The dispatcher in my ear is very serious: Where is he now? Which way did he go? What did he look like? I’m sending an officer right now.

“Look,” I say, “I’m on my way off-campus. I have to meet someone. Can you just have the cop meet me in an hour?”

“Oh, no. You’re the witness. You have to stay to talk to the officer.” I just roll my eyes.  

Now I’m looking out for Ursula more than I am the courteous thief.

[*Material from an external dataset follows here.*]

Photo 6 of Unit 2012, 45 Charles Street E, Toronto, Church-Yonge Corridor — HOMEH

The cop comes. He says he has other cops looking for the guy.  I explain what happened. We laugh because the guy was so sorry. Then I spot Ursula walking out and I open the door and scream, “Ursula! I’m in here!” She comes in and when I tell her what happened she laughs, too, but really Ursula laughs at everything. I love that.

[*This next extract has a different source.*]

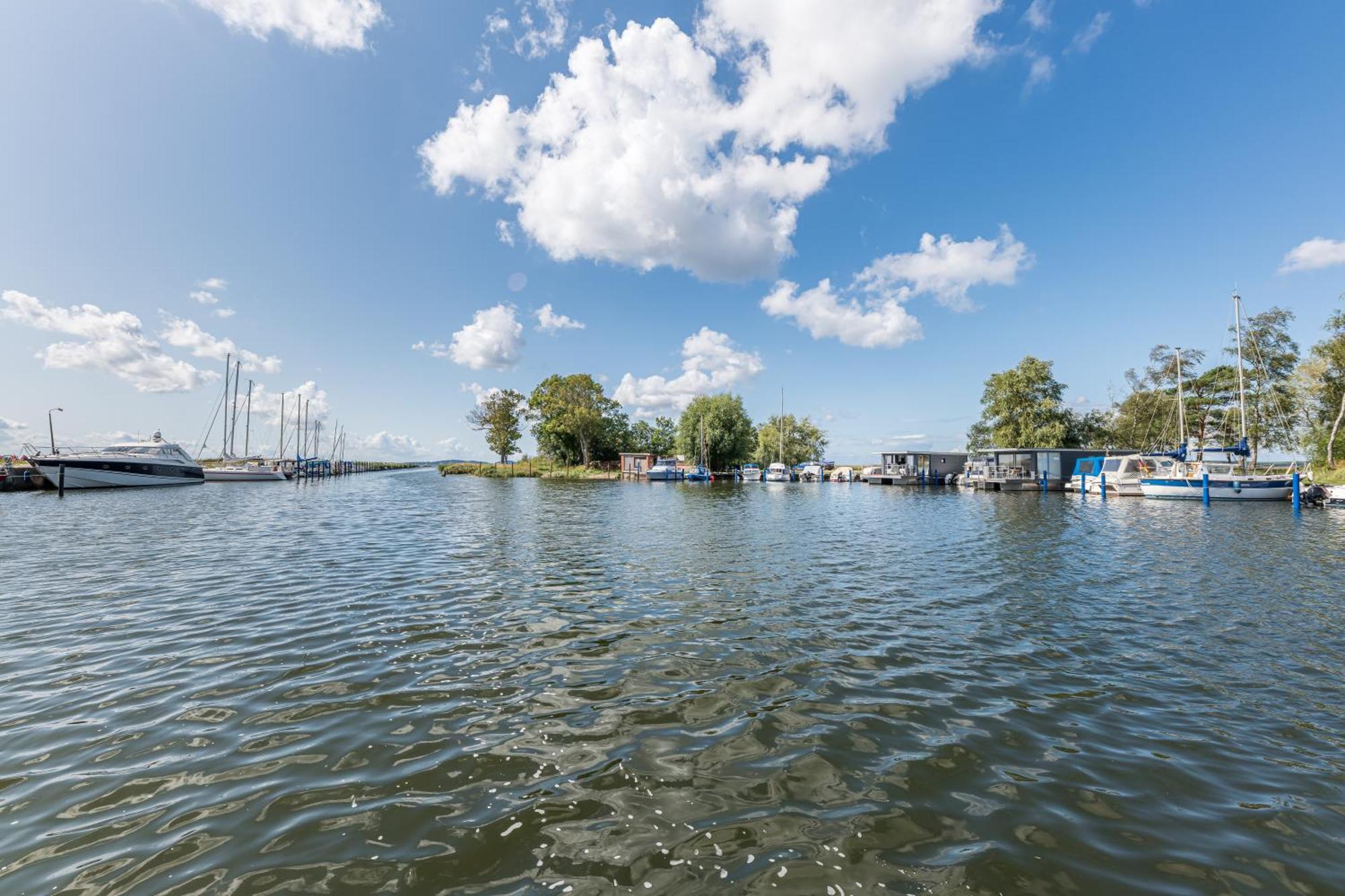 Marina Martinshafen - Lotsenhaus Hotell Neuhof  Eksteriør bilde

I describe the guy to the cop like a good witness, over and over. No, he didn’t have a Spanish accent even though he looked Hispanic. No, I didn’t really notice his pants. Yes, he was really sorry. Super polite guy. Yeah, real nice.

I write down everything about myself on a card for him. “Do you really need my social security number?” I ask?

“No,” he says, “Just your work information is fine…and your driver’s license info. Oh, and your phone numbers.”

The irony doesn’t escape me that I’m the one being treated like a criminal here. That dude is off buying his dog collar and now it’s 72 minutes past my lunch time, and I’m impatient and bitchy and really fucking hungry.

“Can I leave now,” I ask?

“I’m running this all through my head trying to see if I got everything—trying to decide just that,” he says, flipping through the pages of his nifty little notebook full of crime-fighting details.

I grab my stuff. I’m headed to the door nodding to Ursula to follow me out. “Okay?” I ask.

“Sure. You can go.”

Finally. Food.

Later, back from lunch, I told a co-worker what happened. He said, “I would have told him to put all the money on the table and if he didn’t do it I would have tackled him!”

“Really?” I was puzzled. “Over $10 from the Pepsi machine?”

My dad’s response was similar: “See, Cathy, if you had your concealed weapons permit, you could have pulled your pistol from your purse and held him at gun point until the police got there.”

After hearing everyone else’s version of how things should have gone down, I could see how neither my polite new friend, nor I, acted the way we should have. He wasn’t a typical psychopath and I’m no Charlie’s Angel. But so what? I think in the end he and I did just fine. After all, he just wanted a few bucks, and I… Well, I just wanted to eat my lunch.